Youtube 3D

Media

You can’t use Google Chrome or Safari to view this video in 3D. At least not at the time of this writing. Firefox will work but Chrome or Safari don’t have the options for some reason. The video will appear as two nearly identical videos side by side in Chrome, which is what the video looks like while I’m editing it, instead of the composite video.

The work flow for editing 3D video is very similar to 2D and doesn’t require much more time. The more I work with 3D video, the more I see the difference between 3D and 2D similarly to the difference between color and black and white pictures. Depth, like color, is an additional layer of information.
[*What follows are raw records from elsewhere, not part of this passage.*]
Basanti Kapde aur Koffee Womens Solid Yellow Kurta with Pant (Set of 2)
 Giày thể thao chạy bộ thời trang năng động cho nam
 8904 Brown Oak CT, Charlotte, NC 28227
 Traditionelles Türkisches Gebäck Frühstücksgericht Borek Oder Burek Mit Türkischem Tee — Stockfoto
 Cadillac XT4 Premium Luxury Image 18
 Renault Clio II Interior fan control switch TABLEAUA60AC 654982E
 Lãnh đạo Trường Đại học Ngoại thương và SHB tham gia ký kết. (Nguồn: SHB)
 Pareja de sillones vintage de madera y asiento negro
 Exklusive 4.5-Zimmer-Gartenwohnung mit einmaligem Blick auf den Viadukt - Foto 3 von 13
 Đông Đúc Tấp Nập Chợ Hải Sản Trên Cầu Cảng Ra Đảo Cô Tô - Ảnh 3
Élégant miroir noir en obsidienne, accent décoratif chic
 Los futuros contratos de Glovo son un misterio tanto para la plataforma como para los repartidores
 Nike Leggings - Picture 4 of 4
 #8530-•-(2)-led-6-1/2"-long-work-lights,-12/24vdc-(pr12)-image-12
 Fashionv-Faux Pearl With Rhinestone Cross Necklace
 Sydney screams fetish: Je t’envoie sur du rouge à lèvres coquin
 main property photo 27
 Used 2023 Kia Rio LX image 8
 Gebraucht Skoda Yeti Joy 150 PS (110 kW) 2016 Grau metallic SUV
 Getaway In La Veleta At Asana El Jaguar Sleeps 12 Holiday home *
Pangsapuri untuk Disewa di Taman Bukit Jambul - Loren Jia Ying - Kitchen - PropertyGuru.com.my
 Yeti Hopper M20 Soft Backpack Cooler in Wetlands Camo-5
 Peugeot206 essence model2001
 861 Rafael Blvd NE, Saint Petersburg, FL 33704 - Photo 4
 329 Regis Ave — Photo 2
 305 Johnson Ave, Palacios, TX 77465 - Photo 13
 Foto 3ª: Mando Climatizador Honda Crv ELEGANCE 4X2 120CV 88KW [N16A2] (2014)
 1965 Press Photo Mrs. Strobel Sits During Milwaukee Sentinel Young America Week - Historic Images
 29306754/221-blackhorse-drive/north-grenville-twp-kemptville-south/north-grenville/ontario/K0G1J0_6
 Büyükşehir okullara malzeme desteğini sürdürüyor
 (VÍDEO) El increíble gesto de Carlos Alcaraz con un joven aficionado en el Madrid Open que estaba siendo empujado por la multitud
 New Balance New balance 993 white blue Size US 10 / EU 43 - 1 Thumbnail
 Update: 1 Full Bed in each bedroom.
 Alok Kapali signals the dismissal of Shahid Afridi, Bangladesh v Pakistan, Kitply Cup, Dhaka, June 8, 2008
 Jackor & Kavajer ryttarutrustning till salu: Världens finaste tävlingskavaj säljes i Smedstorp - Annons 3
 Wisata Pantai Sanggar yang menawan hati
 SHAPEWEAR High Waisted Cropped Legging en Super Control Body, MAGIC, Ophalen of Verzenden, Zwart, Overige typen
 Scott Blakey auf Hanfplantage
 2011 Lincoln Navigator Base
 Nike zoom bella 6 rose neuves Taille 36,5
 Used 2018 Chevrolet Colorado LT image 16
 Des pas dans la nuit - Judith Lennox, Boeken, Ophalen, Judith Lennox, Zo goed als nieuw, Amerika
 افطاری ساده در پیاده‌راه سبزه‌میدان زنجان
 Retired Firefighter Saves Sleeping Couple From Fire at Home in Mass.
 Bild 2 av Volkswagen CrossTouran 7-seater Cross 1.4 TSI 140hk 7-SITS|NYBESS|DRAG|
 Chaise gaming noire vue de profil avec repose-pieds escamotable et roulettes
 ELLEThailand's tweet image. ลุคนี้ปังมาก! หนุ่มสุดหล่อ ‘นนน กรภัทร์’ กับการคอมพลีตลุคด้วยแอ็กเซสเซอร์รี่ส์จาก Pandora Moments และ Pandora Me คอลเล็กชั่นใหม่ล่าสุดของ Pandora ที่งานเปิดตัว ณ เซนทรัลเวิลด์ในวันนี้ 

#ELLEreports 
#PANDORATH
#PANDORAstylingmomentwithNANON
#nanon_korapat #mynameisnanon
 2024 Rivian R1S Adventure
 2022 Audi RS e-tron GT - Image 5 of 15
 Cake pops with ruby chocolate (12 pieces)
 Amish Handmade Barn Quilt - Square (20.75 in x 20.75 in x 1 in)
Aside from potentially having to adjust the positioning of the two videos in relation to each other, which is a breeze in Sony Vegas, there isn’t any difference I’ve found so far between the editing of 3D and 2D video.

Exporting the video may require an extra step. When I exported my 3D video it took a couple tries to find the codec that would work. I used the Sony codec that exported the file as an AVI. In Vegas. The video file I got would play fine, but it was also almost 10 GB (aka the same size as the newest iPod in 2002, advertised to hold “about 2,500 songs”).

That would have been a headache to upload to YouTube even on a reliable wireless network (no offense Mizzou Wireless) so I had to get the size down. I opened the AVI file in Adobe Premiere and exported the video again using the H.264 codec and checking the “match preset to source” box. This option might be available in Vegas but I’m less familiar with that program than I am with Premiere and in all my A/V classes we used H.264 and it hasn’t let me down yet.

The file Premiere exported was a much more manageable 90.5 MB MP4. To my knowledge, there has never been a 90 MB iPod.

To view the video, which lacks any impressive depth, you will need either analglyphic (blue and red) glasses or a 3D TV. The purpose of the video was to test how virtual reality apps on a phone would appear in a video. One day I’d like to composite a 3D model over the phone so there will be something interesting to look at. Until then, I present roughly two minutes of barely 3D hands using a iPad and then a phone.

The app in the video, by the way, is the Augment Virtual Reality app I described last week.